++++ EXERCISE INPUT
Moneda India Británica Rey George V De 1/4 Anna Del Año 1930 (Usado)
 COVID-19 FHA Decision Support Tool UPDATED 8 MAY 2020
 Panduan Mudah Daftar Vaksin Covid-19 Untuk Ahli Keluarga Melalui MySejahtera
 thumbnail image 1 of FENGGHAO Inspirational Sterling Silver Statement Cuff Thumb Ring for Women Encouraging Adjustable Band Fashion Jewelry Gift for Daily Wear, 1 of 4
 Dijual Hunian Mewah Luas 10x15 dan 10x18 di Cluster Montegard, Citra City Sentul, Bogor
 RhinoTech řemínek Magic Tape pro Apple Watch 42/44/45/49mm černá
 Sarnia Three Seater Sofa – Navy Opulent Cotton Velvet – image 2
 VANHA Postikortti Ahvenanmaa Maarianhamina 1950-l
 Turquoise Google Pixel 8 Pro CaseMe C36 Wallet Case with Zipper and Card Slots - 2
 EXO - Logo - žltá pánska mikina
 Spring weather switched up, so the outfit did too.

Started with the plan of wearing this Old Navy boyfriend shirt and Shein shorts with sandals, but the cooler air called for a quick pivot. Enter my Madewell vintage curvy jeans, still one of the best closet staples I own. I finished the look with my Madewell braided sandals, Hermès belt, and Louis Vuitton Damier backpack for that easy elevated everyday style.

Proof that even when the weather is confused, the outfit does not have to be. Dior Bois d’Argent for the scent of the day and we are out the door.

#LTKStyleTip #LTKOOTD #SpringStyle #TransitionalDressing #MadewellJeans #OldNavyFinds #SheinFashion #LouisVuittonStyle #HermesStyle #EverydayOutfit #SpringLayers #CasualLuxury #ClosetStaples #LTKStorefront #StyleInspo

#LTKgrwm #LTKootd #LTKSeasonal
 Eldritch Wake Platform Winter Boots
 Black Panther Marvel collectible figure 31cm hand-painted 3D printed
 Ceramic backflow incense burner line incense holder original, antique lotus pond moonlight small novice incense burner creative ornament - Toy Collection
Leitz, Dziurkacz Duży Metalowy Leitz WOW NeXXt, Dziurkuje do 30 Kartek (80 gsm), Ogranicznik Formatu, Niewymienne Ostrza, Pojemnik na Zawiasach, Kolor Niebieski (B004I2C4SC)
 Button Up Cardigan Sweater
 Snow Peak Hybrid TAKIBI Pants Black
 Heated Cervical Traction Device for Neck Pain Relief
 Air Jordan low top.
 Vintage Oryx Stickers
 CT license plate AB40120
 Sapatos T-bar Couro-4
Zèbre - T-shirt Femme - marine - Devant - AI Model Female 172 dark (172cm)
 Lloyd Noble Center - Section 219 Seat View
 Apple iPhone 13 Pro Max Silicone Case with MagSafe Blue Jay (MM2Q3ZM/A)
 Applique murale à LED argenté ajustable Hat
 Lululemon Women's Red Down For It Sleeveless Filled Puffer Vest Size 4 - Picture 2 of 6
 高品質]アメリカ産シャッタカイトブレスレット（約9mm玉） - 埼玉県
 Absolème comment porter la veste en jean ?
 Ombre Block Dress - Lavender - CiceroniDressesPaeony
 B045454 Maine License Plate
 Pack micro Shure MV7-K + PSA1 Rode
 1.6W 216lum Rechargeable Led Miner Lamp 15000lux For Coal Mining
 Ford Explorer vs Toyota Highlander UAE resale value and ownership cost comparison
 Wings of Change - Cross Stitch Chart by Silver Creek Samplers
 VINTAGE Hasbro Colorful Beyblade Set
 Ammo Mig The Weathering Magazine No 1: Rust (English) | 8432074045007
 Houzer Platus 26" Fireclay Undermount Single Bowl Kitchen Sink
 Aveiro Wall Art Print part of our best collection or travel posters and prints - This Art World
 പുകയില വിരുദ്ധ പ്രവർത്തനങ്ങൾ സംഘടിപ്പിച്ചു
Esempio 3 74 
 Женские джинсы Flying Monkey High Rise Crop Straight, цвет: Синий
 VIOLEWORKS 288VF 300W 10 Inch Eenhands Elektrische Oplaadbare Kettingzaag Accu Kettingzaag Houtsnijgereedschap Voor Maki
++++++++
— WHAT YOU ARE ASKED TO DO —
The records above need to be returned in full, with nothing altered.

— SOLUTION —
Moneda India Británica Rey George V De 1/4 Anna Del Año 1930 (Usado)
 COVID-19 FHA Decision Support Tool UPDATED 8 MAY 2020
 Panduan Mudah Daftar Vaksin Covid-19 Untuk Ahli Keluarga Melalui MySejahtera
 thumbnail image 1 of FENGGHAO Inspirational Sterling Silver Statement Cuff Thumb Ring for Women Encouraging Adjustable Band Fashion Jewelry Gift for Daily Wear, 1 of 4
 Dijual Hunian Mewah Luas 10x15 dan 10x18 di Cluster Montegard, Citra City Sentul, Bogor
 RhinoTech řemínek Magic Tape pro Apple Watch 42/44/45/49mm černá
 Sarnia Three Seater Sofa – Navy Opulent Cotton Velvet – image 2
 VANHA Postikortti Ahvenanmaa Maarianhamina 1950-l
 Turquoise Google Pixel 8 Pro CaseMe C36 Wallet Case with Zipper and Card Slots - 2
 EXO - Logo - žltá pánska mikina
 Spring weather switched up, so the outfit did too.

Started with the plan of wearing this Old Navy boyfriend shirt and Shein shorts with sandals, but the cooler air called for a quick pivot. Enter my Madewell vintage curvy jeans, still one of the best closet staples I own. I finished the look with my Madewell braided sandals, Hermès belt, and Louis Vuitton Damier backpack for that easy elevated everyday style.

Proof that even when the weather is confused, the outfit does not have to be. Dior Bois d’Argent for the scent of the day and we are out the door.

#LTKStyleTip #LTKOOTD #SpringStyle #TransitionalDressing #MadewellJeans #OldNavyFinds #SheinFashion #LouisVuittonStyle #HermesStyle #EverydayOutfit #SpringLayers #CasualLuxury #ClosetStaples #LTKStorefront #StyleInspo

#LTKgrwm #LTKootd #LTKSeasonal
 Eldritch Wake Platform Winter Boots
 Black Panther Marvel collectible figure 31cm hand-painted 3D printed
 Ceramic backflow incense burner line incense holder original, antique lotus pond moonlight small novice incense burner creative ornament - Toy Collection
Leitz, Dziurkacz Duży Metalowy Leitz WOW NeXXt, Dziurkuje do 30 Kartek (80 gsm), Ogranicznik Formatu, Niewymienne Ostrza, Pojemnik na Zawiasach, Kolor Niebieski (B004I2C4SC)
 Button Up Cardigan Sweater
 Snow Peak Hybrid TAKIBI Pants Black
 Heated Cervical Traction Device for Neck Pain Relief
 Air Jordan low top.
 Vintage Oryx Stickers
 CT license plate AB40120
 Sapatos T-bar Couro-4
Zèbre - T-shirt Femme - marine - Devant - AI Model Female 172 dark (172cm)
 Lloyd Noble Center - Section 219 Seat View
 Apple iPhone 13 Pro Max Silicone Case with MagSafe Blue Jay (MM2Q3ZM/A)
 Applique murale à LED argenté ajustable Hat
 Lululemon Women's Red Down For It Sleeveless Filled Puffer Vest Size 4 - Picture 2 of 6
 高品質]アメリカ産シャッタカイトブレスレット（約9mm玉） - 埼玉県
 Absolème comment porter la veste en jean ?
 Ombre Block Dress - Lavender - CiceroniDressesPaeony
 B045454 Maine License Plate
 Pack micro Shure MV7-K + PSA1 Rode
 1.6W 216lum Rechargeable Led Miner Lamp 15000lux For Coal Mining
 Ford Explorer vs Toyota Highlander UAE resale value and ownership cost comparison
 Wings of Change - Cross Stitch Chart by Silver Creek Samplers
 VINTAGE Hasbro Colorful Beyblade Set
 Ammo Mig The Weathering Magazine No 1: Rust (English) | 8432074045007
 Houzer Platus 26" Fireclay Undermount Single Bowl Kitchen Sink
 Aveiro Wall Art Print part of our best collection or travel posters and prints - This Art World
 പുകയില വിരുദ്ധ പ്രവർത്തനങ്ങൾ സംഘടിപ്പിച്ചു
Esempio 3 74 
 Женские джинсы Flying Monkey High Rise Crop Straight, цвет: Синий
 VIOLEWORKS 288VF 300W 10 Inch Eenhands Elektrische Oplaadbare Kettingzaag Accu Kettingzaag Houtsnijgereedschap Voor Maki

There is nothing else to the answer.